TASK DIRECTIONS -
Transcribe all records below exactly, without images.

DATASET EXCERPTS -
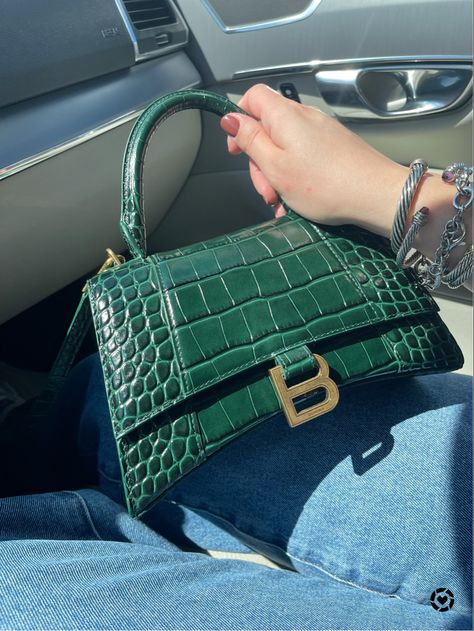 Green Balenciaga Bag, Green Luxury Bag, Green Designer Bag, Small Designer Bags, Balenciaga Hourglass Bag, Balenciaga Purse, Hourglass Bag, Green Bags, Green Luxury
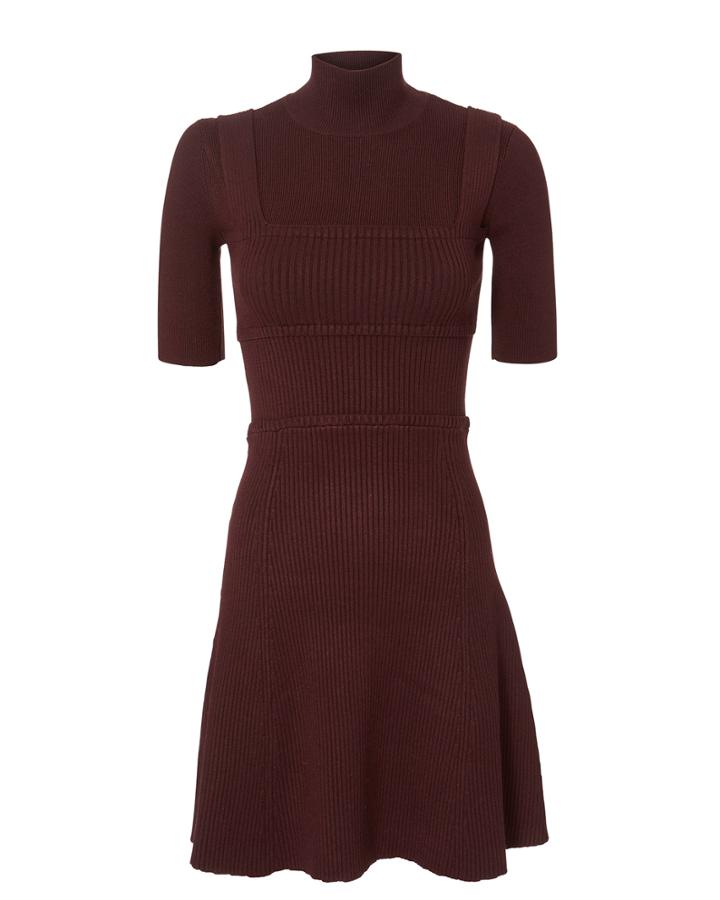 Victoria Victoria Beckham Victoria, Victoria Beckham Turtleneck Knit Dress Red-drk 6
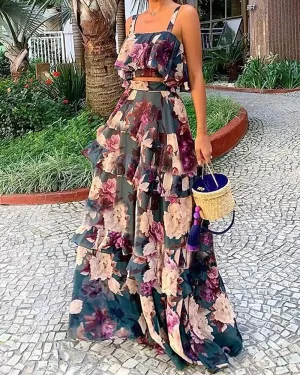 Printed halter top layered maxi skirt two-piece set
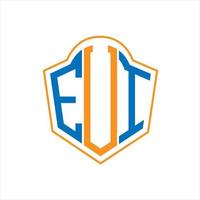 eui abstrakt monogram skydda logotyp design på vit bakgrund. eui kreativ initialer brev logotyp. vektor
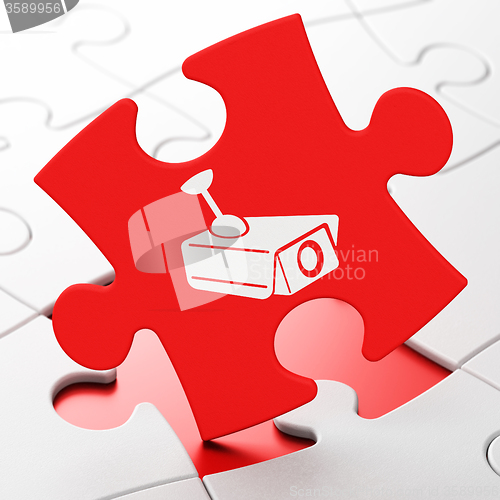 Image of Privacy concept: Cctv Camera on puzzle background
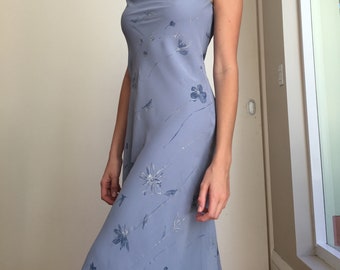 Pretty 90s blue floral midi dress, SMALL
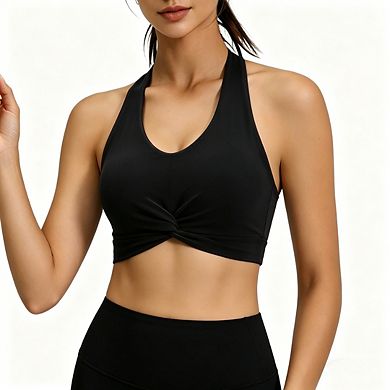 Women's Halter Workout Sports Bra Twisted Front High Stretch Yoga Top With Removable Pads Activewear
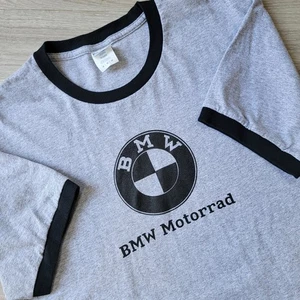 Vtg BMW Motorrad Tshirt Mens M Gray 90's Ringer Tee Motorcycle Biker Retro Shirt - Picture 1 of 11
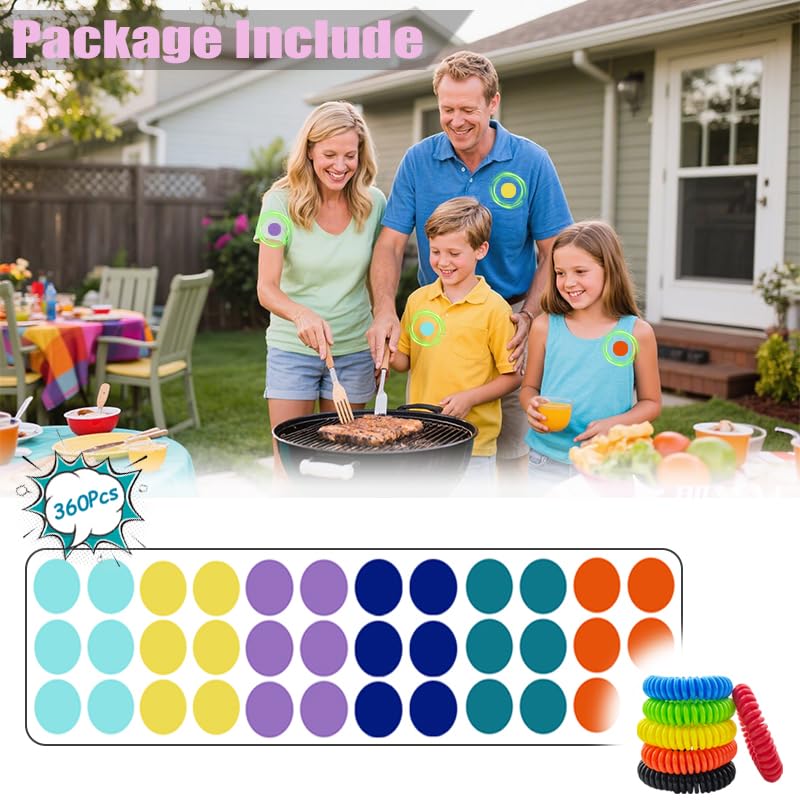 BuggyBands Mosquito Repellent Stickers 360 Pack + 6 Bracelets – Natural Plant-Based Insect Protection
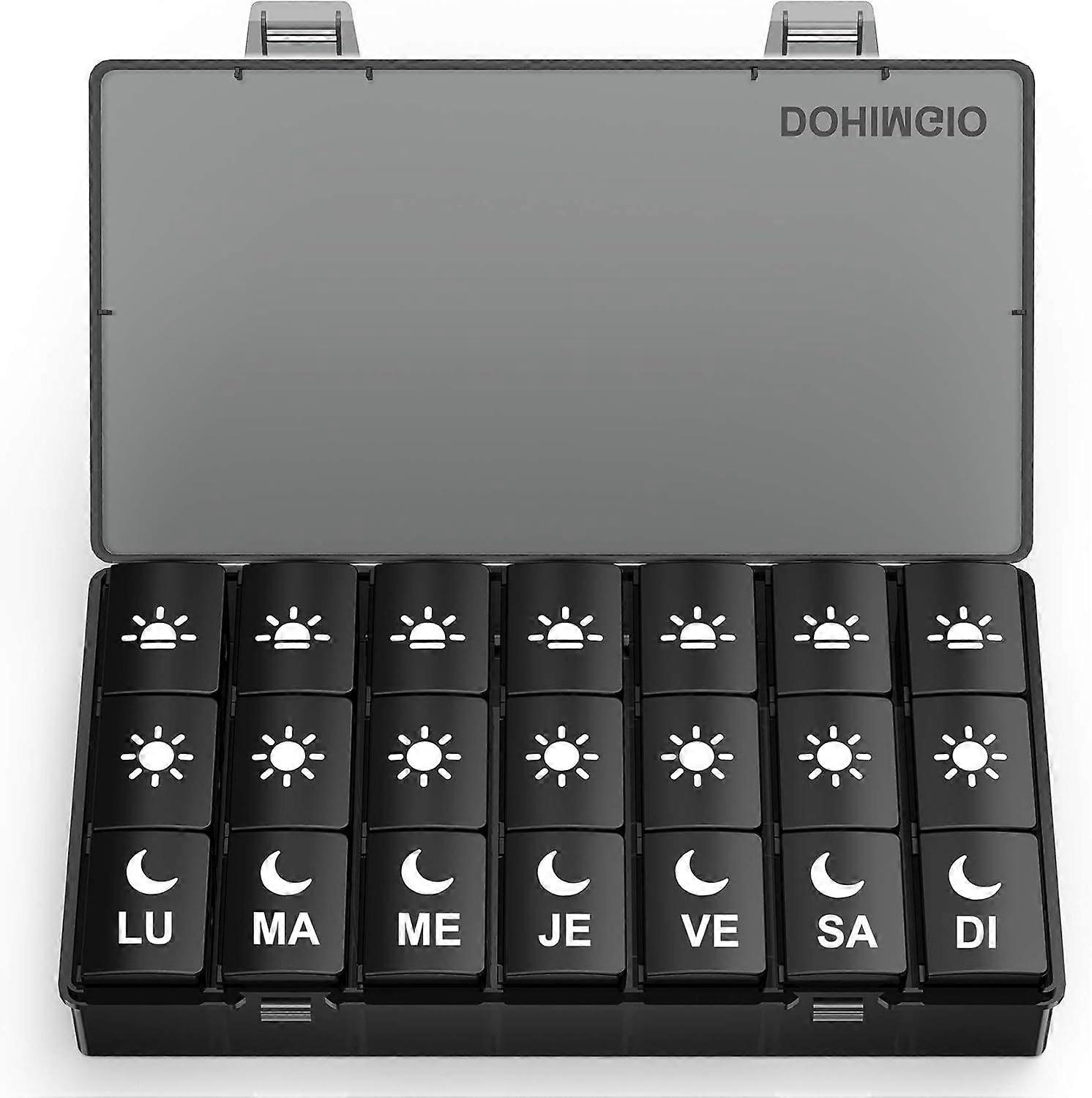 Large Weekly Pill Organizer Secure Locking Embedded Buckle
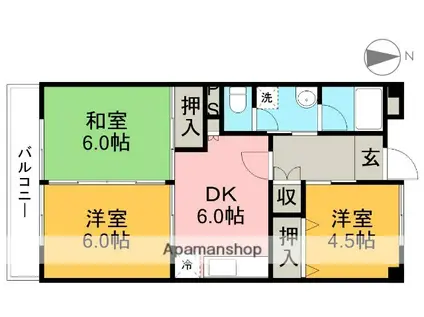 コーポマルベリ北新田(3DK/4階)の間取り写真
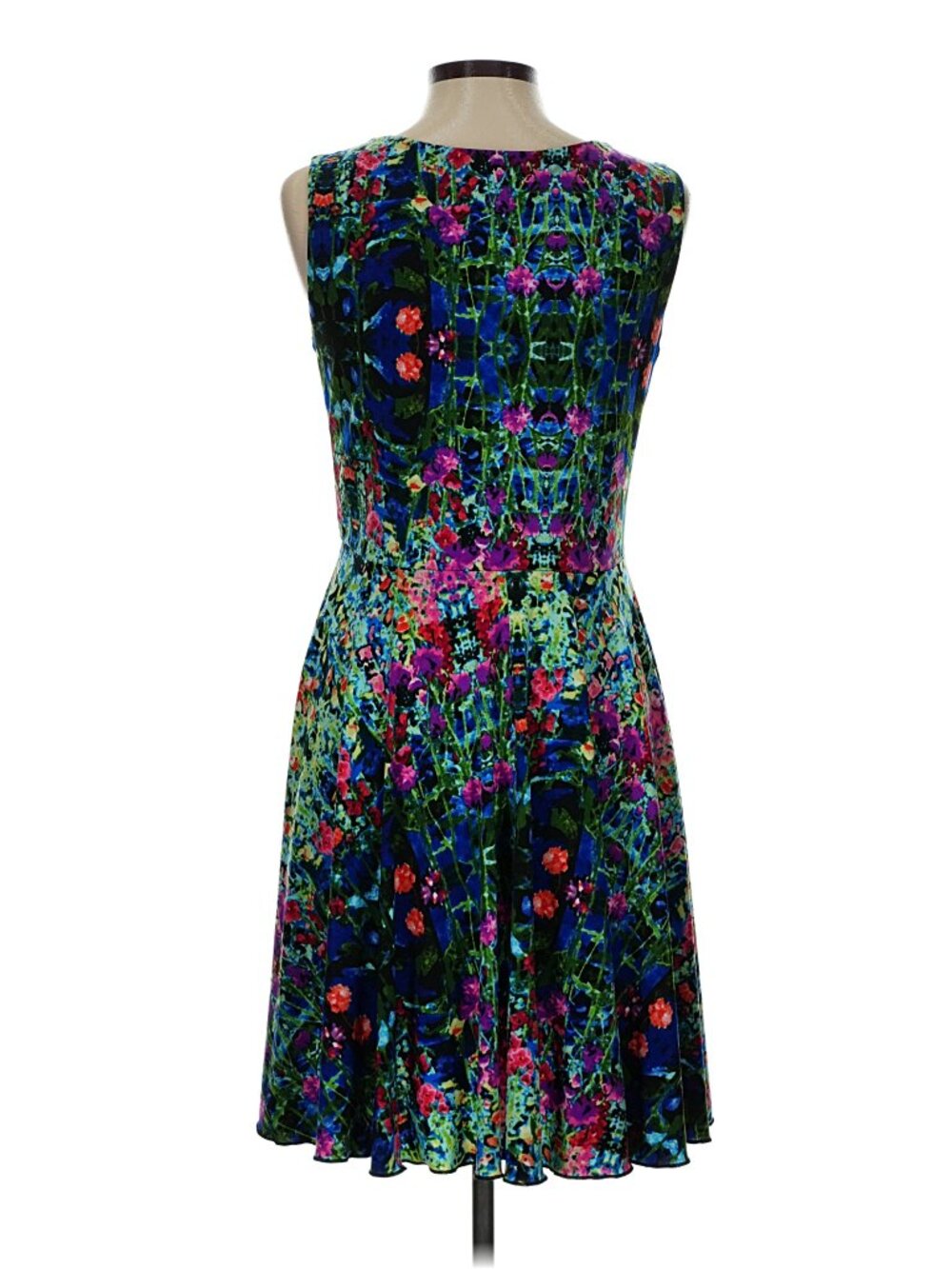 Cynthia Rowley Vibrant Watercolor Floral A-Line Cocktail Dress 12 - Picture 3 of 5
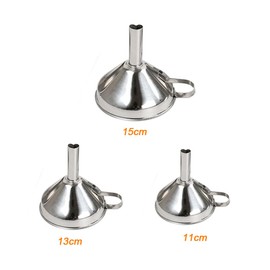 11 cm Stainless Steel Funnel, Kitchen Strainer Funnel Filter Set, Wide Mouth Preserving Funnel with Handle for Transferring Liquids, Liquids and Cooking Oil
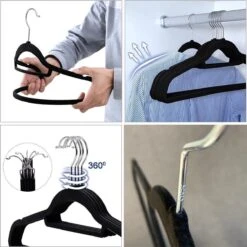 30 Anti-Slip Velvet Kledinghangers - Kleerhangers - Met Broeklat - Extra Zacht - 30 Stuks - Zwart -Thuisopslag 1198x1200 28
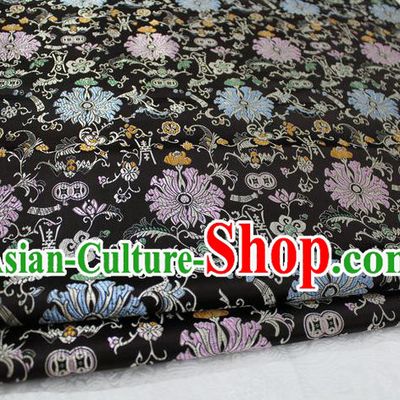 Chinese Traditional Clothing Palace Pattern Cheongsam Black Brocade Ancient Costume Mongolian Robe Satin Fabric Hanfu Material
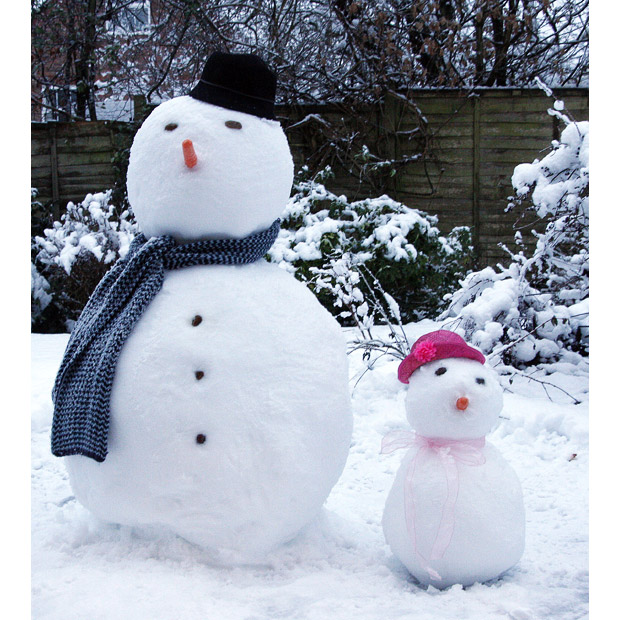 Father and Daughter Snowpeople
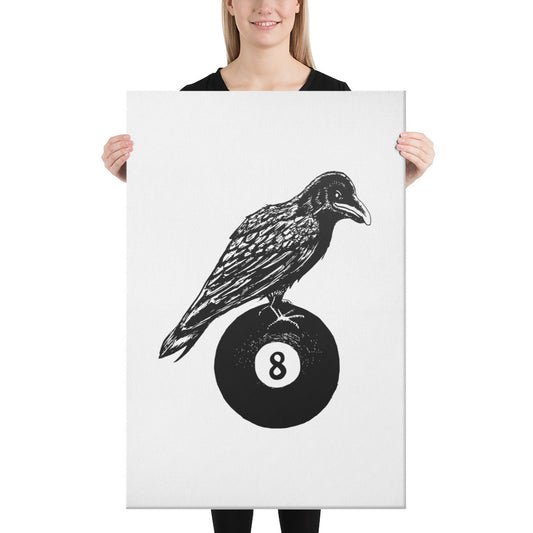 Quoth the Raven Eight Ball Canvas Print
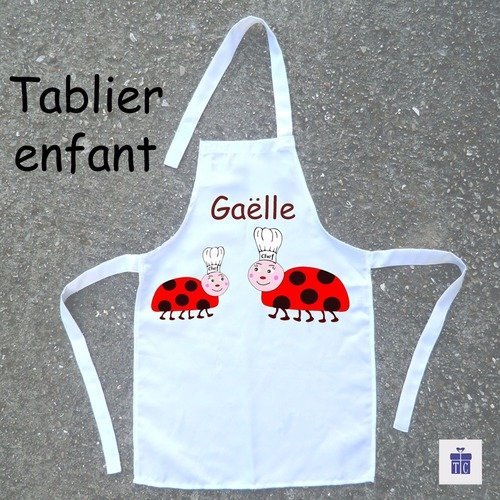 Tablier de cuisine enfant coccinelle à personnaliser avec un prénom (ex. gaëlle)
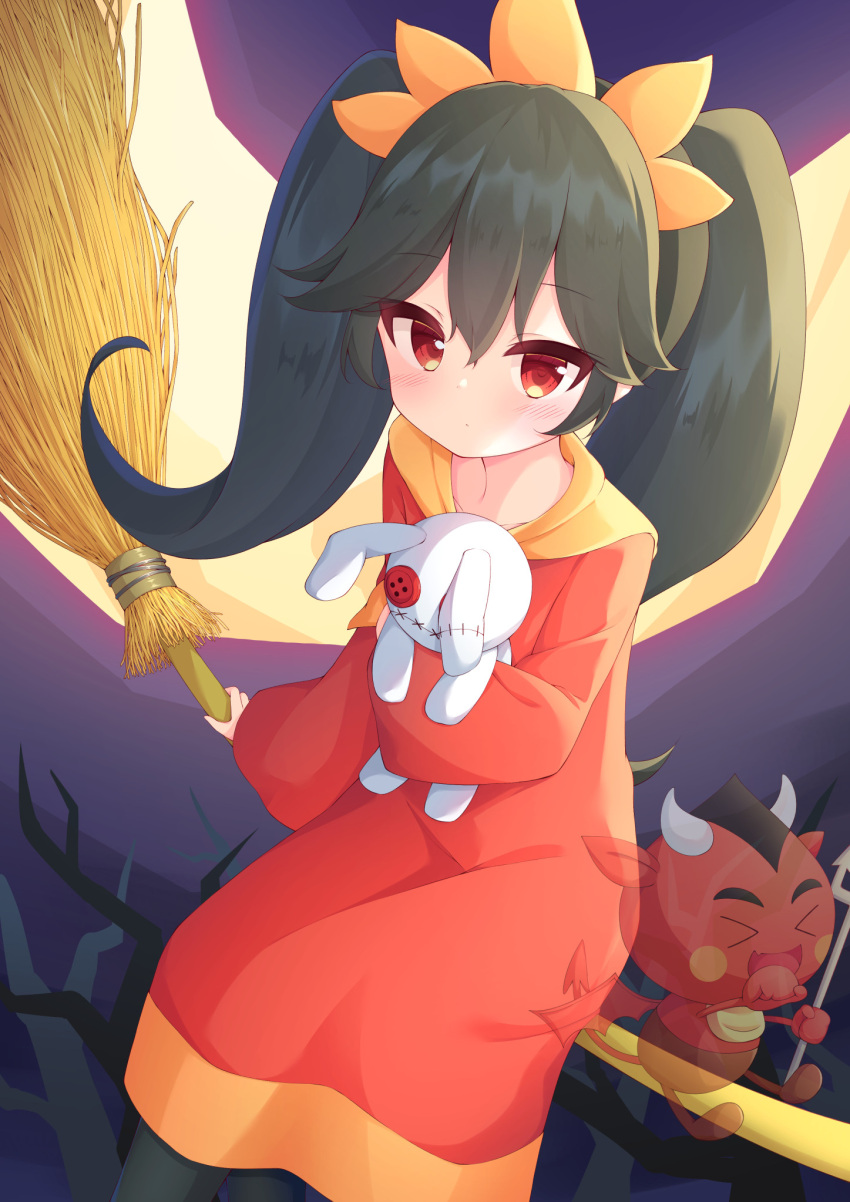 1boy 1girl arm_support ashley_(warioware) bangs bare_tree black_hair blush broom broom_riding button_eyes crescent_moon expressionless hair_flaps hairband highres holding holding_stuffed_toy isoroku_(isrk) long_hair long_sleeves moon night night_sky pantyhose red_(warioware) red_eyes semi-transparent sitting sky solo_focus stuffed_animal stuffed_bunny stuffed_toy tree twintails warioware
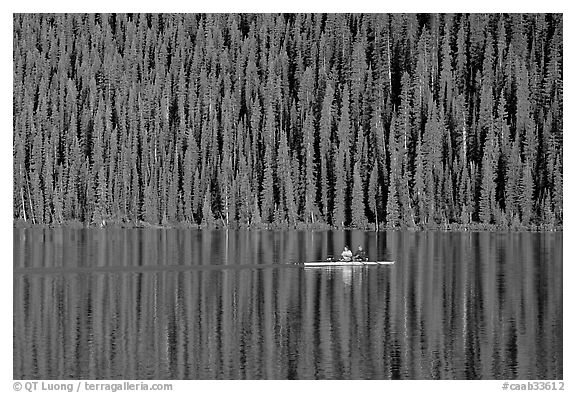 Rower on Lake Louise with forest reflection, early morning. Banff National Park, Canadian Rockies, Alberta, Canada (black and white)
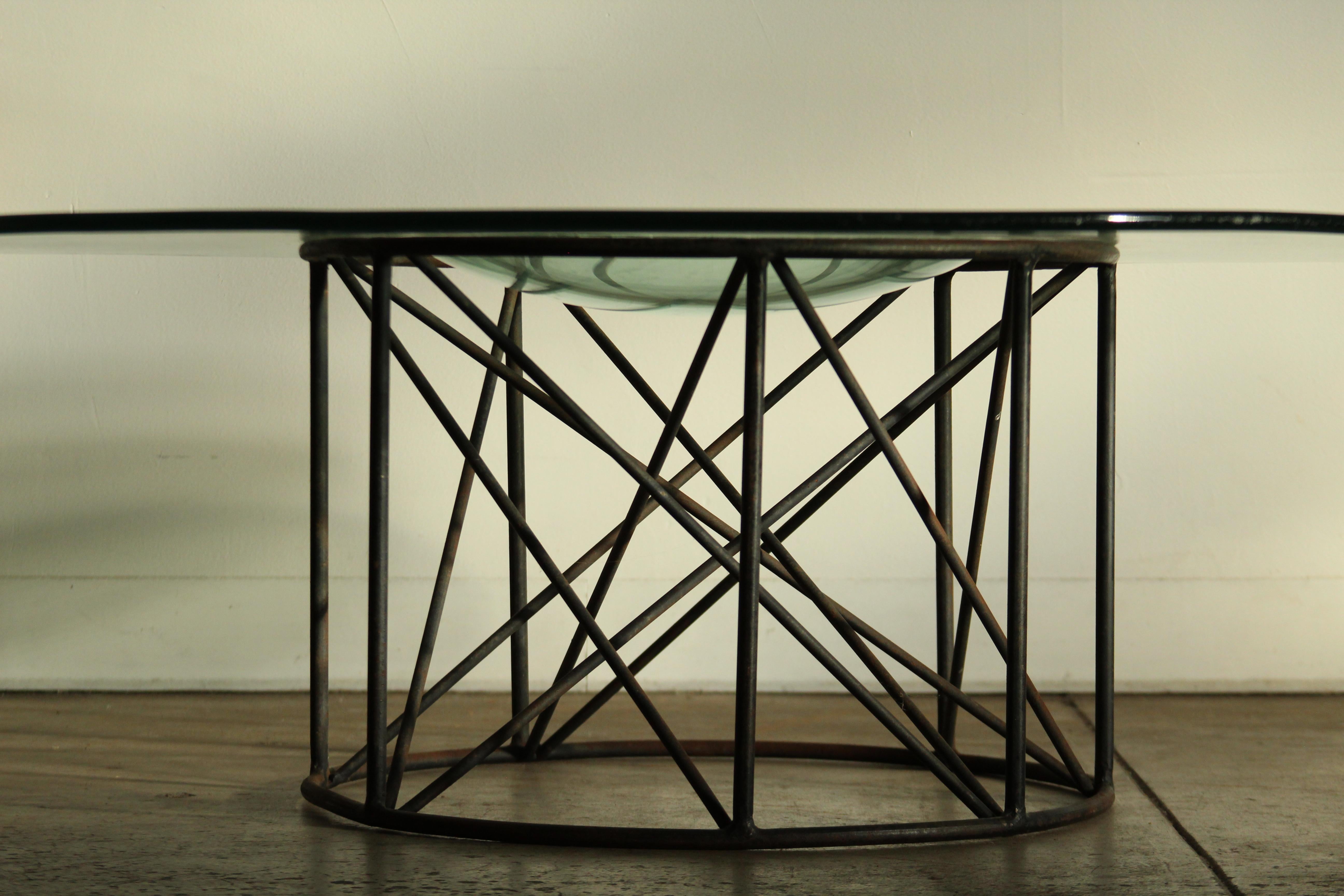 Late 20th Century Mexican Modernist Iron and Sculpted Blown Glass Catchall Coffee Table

WRITTEN ANSWER -
 Green Balenciaga Bag, Green Luxury Bag, Green Designer Bag, Small Designer Bags, Balenciaga Hourglass Bag, Balenciaga Purse, Hourglass Bag, Green Bags, Green Luxury
 Victoria Victoria Beckham Victoria, Victoria Beckham Turtleneck Knit Dress Red-drk 6
 Printed halter top layered maxi skirt two-piece set
 eui abstrakt monogram skydda logotyp design på vit bakgrund. eui kreativ initialer brev logotyp. vektor
 Image of Privacy concept: Cctv Camera on puzzle background
 Pretty 90s blue floral midi dress, SMALL
 Women's Halter Workout Sports Bra Twisted Front High Stretch Yoga Top With Removable Pads Activewear
 Vtg BMW Motorrad Tshirt Mens M Gray 90's Ringer Tee Motorcycle Biker Retro Shirt - Picture 1 of 11
 BuggyBands Mosquito Repellent Stickers 360 Pack + 6 Bracelets – Natural Plant-Based Insect Protection
 Large Weekly Pill Organizer Secure Locking Embedded Buckle
 コーポマルベリ北新田(3DK/4階)の間取り写真
 Cynthia Rowley Vibrant Watercolor Floral A-Line Cocktail Dress 12 - Picture 3 of 5
 11 cm Stainless Steel Funnel, Kitchen Strainer Funnel Filter Set, Wide Mouth Preserving Funnel with Handle for Transferring Liquids, Liquids and Cooking Oil
 30 Anti-Slip Velvet Kledinghangers - Kleerhangers - Met Broeklat - Extra Zacht - 30 Stuks - Zwart -Thuisopslag 1198x1200 28
 Chinese Traditional Clothing Palace Pattern Cheongsam Black Brocade Ancient Costume Mongolian Robe Satin Fabric Hanfu Material
 Father and Daughter Snowpeople
 Quoth the Raven Eight Ball Canvas Print
 Tablier de cuisine enfant coccinelle à personnaliser avec un prénom (ex. gaëlle)
 1boy 1girl arm_support ashley_(warioware) bangs bare_tree black_hair blush broom broom_riding button_eyes crescent_moon expressionless hair_flaps hairband highres holding holding_stuffed_toy isoroku_(isrk) long_hair long_sleeves moon night night_sky pantyhose red_(warioware) red_eyes semi-transparent sitting sky solo_focus stuffed_animal stuffed_bunny stuffed_toy tree twintails warioware
 Rower on Lake Louise with forest reflection, early morning. Banff National Park, Canadian Rockies, Alberta, Canada (black and white)
 Late 20th Century Mexican Modernist Iron and Sculpted Blown Glass Catchall Coffee Table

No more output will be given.